* **What is needed**
Starting at the first line of the listing below and ending at the line with "Oakura House | Stunning Waterfront Paradise", copy each line exactly.
┌─ Records for the task
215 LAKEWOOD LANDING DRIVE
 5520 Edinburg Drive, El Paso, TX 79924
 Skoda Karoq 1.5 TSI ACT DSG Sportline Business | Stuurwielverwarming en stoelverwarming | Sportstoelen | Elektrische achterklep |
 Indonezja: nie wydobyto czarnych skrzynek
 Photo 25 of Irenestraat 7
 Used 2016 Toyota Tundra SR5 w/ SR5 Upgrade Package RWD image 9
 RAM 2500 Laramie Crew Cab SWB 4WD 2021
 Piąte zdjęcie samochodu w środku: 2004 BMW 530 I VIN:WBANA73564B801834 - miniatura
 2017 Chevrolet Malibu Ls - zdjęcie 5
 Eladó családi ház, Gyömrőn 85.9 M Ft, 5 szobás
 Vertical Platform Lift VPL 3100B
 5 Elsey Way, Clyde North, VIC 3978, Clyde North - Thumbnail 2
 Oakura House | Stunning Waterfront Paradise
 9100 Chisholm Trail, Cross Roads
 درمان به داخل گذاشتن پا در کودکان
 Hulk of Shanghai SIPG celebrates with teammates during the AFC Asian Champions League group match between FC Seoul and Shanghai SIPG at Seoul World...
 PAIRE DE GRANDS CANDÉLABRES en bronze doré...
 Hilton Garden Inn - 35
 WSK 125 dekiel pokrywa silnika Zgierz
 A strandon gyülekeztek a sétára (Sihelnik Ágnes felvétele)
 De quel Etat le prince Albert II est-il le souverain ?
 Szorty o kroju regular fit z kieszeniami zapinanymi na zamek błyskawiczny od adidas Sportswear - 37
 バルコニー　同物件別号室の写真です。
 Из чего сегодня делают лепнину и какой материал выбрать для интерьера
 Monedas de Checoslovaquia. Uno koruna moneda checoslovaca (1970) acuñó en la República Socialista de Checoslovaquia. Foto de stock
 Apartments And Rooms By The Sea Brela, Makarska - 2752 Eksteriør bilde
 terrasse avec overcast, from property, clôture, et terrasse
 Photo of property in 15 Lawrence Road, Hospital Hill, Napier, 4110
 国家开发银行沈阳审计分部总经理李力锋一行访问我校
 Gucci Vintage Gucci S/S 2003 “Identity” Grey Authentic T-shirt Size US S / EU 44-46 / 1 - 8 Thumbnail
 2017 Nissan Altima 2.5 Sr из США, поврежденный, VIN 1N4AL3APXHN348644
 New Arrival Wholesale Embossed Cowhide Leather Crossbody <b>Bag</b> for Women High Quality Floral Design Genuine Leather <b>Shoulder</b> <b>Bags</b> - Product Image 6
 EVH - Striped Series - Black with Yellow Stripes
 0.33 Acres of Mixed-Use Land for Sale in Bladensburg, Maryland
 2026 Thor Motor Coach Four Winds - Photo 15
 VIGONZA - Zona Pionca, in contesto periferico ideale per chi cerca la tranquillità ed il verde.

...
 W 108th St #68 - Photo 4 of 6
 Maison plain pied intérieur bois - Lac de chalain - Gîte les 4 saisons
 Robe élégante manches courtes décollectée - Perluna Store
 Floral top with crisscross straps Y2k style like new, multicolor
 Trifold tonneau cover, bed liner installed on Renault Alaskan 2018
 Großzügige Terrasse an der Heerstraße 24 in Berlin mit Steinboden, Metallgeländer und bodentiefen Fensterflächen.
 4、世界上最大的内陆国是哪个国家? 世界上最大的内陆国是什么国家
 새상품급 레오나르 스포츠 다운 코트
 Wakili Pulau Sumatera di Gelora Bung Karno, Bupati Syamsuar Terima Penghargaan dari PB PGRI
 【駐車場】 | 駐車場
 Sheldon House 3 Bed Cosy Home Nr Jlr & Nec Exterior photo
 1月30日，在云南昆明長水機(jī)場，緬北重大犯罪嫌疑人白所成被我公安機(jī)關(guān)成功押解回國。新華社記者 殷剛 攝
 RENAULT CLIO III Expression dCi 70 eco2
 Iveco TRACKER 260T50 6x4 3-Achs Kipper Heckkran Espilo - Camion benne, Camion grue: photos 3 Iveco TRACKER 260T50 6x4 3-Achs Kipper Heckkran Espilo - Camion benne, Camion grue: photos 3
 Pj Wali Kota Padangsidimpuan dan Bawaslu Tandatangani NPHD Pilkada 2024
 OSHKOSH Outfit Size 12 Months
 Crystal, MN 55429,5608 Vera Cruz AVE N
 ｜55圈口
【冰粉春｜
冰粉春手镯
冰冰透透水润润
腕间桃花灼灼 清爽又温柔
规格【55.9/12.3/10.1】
└─
* **Output of the task**
215 LAKEWOOD LANDING DRIVE
 5520 Edinburg Drive, El Paso, TX 79924
 Skoda Karoq 1.5 TSI ACT DSG Sportline Business | Stuurwielverwarming en stoelverwarming | Sportstoelen | Elektrische achterklep |
 Indonezja: nie wydobyto czarnych skrzynek
 Photo 25 of Irenestraat 7
 Used 2016 Toyota Tundra SR5 w/ SR5 Upgrade Package RWD image 9
 RAM 2500 Laramie Crew Cab SWB 4WD 2021
 Piąte zdjęcie samochodu w środku: 2004 BMW 530 I VIN:WBANA73564B801834 - miniatura
 2017 Chevrolet Malibu Ls - zdjęcie 5
 Eladó családi ház, Gyömrőn 85.9 M Ft, 5 szobás
 Vertical Platform Lift VPL 3100B
 5 Elsey Way, Clyde North, VIC 3978, Clyde North - Thumbnail 2
 Oakura House | Stunning Waterfront Paradise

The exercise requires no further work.